Llegué al Centro de Ocio a media tarde y me pareció entrar en un oasis. Después de hostales, cabañas, polvo, carretera, sudor, mochila, barritas energéticas,…aquel lugar exquisito, detallista, inmaculado, me provocó un impacto sensorial de primer orden.

No tenían clientes hasta fin de año, que reabren a lo grande, con un lleno total, y con nuevas instalaciones que terminan, frenéticamente, estos días.

Yo esperaba acomodarme en cualquier sitio, como una visita discreta, pero en realidad me trataron como una cliente vip. Mi habitación preparadísima con sábanas de mil hilos para el cuerpo cansado, el set de cosmética para mi piel reseca y unas vistas sobre el fiordo de Castro para no poder dormir.

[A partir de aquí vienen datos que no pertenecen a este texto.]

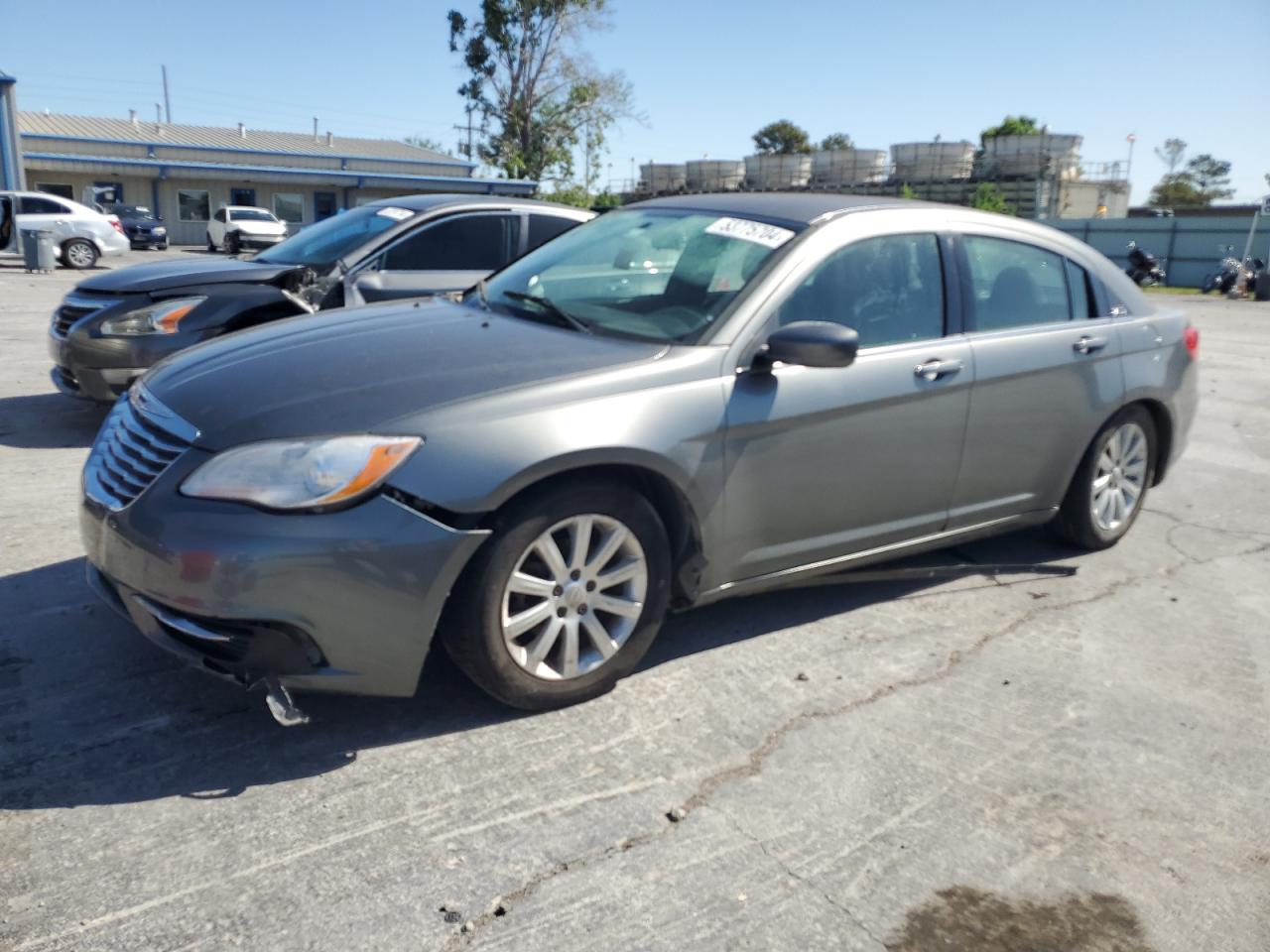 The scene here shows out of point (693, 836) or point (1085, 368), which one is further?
point (1085, 368)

El chef, Carlos y las camareras, en sus puestos durante el desayuno y la cena, como si el salón estuviera lleno de gente. La calidez de un hogar y el servicio de un 5 estrellas. Una combinación poderosa, que agradecí compartir con nuevos huéspedes, que empezaron a llegar al día siguiente.

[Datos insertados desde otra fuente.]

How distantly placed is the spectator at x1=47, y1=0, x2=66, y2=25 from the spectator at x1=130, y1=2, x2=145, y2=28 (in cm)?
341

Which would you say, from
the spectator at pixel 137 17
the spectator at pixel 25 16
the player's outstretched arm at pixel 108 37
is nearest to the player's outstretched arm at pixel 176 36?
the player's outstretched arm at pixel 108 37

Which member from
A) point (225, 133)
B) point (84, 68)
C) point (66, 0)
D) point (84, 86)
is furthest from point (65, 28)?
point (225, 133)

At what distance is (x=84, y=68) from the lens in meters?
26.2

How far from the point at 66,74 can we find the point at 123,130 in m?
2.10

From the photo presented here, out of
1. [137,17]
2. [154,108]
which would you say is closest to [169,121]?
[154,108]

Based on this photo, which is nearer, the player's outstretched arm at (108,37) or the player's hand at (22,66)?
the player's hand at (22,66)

Cristian, el director del centro, me dejó en manos de Yonni, el administrador y responsable de la operativa de todo el proyecto.  Mi anfitrión, a medio camino entre lo profesional y lo familiar, con su presencia constante y discreta, me explicó detalle a detalle, el proceso de desarrollo de todo este mundo, que resulta ser algo más que un hotel.

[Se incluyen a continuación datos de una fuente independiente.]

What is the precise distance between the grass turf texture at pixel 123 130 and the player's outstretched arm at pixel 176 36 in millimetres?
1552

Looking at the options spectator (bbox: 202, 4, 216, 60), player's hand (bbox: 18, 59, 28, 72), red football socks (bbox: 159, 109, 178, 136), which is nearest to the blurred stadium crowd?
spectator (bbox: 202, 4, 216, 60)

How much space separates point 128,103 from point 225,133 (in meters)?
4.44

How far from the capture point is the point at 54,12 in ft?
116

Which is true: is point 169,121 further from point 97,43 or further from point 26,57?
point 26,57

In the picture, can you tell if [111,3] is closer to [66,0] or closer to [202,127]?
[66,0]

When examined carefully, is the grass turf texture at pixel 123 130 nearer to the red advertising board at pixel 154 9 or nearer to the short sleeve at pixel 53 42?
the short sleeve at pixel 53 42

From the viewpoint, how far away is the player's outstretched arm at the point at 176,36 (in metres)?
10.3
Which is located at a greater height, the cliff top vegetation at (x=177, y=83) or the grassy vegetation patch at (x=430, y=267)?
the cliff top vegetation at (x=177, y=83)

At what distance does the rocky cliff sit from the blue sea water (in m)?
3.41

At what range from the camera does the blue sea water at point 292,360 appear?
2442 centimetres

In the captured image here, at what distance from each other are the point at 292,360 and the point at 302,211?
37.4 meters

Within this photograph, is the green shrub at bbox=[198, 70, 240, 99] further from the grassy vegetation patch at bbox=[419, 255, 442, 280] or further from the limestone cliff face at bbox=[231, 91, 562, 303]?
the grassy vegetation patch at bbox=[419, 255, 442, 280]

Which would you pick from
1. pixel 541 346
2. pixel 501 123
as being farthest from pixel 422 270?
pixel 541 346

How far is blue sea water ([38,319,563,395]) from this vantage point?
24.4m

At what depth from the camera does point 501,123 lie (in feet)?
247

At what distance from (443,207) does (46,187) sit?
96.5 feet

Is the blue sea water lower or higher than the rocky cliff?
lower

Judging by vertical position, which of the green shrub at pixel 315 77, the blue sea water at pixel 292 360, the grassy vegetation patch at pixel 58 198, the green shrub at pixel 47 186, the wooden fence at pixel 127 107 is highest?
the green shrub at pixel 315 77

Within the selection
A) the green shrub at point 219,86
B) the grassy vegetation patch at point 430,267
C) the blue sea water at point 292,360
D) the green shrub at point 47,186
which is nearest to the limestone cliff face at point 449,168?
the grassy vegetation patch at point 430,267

Mantienen una relación sistémica con el entorno y la comunidad. Productos de la tierra que ellos mismos cultivan, animales de crianza que compran a sus vecinos, materiales naturales autóctonos, trabajados por manos nativas. Todo tiene un sentido más allá del indiscutible estético, todo tiene “una onda” como ellos dicen que se transmite al que llega, desde el mismísimo momento de cruzar bajo los dos grandes palos de madera chilota que dan paso al porche del edificio central.

 

Al día siguiente, tras un enorme esfuerzo por salir de esa cama,  visité Dalcahue y crucé el canal del mismo nombre para adentrarme en las islas menores : Curaco de Velez, Achao y Quinchao, La iglesia de este último, Nuestra Señora de la Gracia, es la más grande una de las más antiguas (finales del XIX) de Chiloé. No recuerdo datos de memoria (nos entregaremos a San Google) y yo creo que es porque la mujer que atiende a los turistas, habló una hora seguida sin respirar. Los primeros minutos de la historia de la iglesia y el resto de su propia vida, su familia, sus vecinos, y sus vicisitudes con el párroco y el alcalde. Estábamos las dos solas, y me pareció que aquel torrente de información me había estado esperando allí durante mucho tiempo y que haber empezado a aprender a frenar, ahora me servía, para escuchar como la ocasión merecía.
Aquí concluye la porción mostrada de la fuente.